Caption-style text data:

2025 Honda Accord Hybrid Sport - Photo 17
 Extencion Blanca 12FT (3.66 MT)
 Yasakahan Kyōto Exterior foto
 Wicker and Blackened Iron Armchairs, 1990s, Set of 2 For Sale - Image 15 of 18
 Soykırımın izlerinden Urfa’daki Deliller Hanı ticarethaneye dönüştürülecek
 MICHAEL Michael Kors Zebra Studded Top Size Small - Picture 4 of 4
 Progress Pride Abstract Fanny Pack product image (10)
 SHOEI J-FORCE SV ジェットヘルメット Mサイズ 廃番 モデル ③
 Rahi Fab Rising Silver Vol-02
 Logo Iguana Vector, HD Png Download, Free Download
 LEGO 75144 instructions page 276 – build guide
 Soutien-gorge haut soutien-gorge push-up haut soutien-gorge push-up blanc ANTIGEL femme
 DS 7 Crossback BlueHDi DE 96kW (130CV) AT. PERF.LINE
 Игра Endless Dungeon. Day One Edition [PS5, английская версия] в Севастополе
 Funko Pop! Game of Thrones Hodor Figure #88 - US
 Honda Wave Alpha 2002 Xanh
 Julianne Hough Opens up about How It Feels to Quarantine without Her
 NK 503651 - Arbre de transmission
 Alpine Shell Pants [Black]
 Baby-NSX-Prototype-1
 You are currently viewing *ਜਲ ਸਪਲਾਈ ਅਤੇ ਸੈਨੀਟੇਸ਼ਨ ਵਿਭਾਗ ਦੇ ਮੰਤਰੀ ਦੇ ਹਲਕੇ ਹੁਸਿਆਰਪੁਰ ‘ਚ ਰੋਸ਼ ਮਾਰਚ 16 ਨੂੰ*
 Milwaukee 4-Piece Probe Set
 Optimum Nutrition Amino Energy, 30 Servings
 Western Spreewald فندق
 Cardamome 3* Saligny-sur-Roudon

**What is required**
From the entries above, write out only the lines starting at the line that holds "MICHAEL Michael Kors" and ending at the line that holds "Honda Wave Alpha 2002 Xanh", keeping both and matching them exactly.

**Solution to the exercise**
 MICHAEL Michael Kors Zebra Studded Top Size Small - Picture 4 of 4
 Progress Pride Abstract Fanny Pack product image (10)
 SHOEI J-FORCE SV ジェットヘルメット Mサイズ 廃番 モデル ③
 Rahi Fab Rising Silver Vol-02
 Logo Iguana Vector, HD Png Download, Free Download
 LEGO 75144 instructions page 276 – build guide
 Soutien-gorge haut soutien-gorge push-up haut soutien-gorge push-up blanc ANTIGEL femme
 DS 7 Crossback BlueHDi DE 96kW (130CV) AT. PERF.LINE
 Игра Endless Dungeon. Day One Edition [PS5, английская версия] в Севастополе
 Funko Pop! Game of Thrones Hodor Figure #88 - US
 Honda Wave Alpha 2002 Xanh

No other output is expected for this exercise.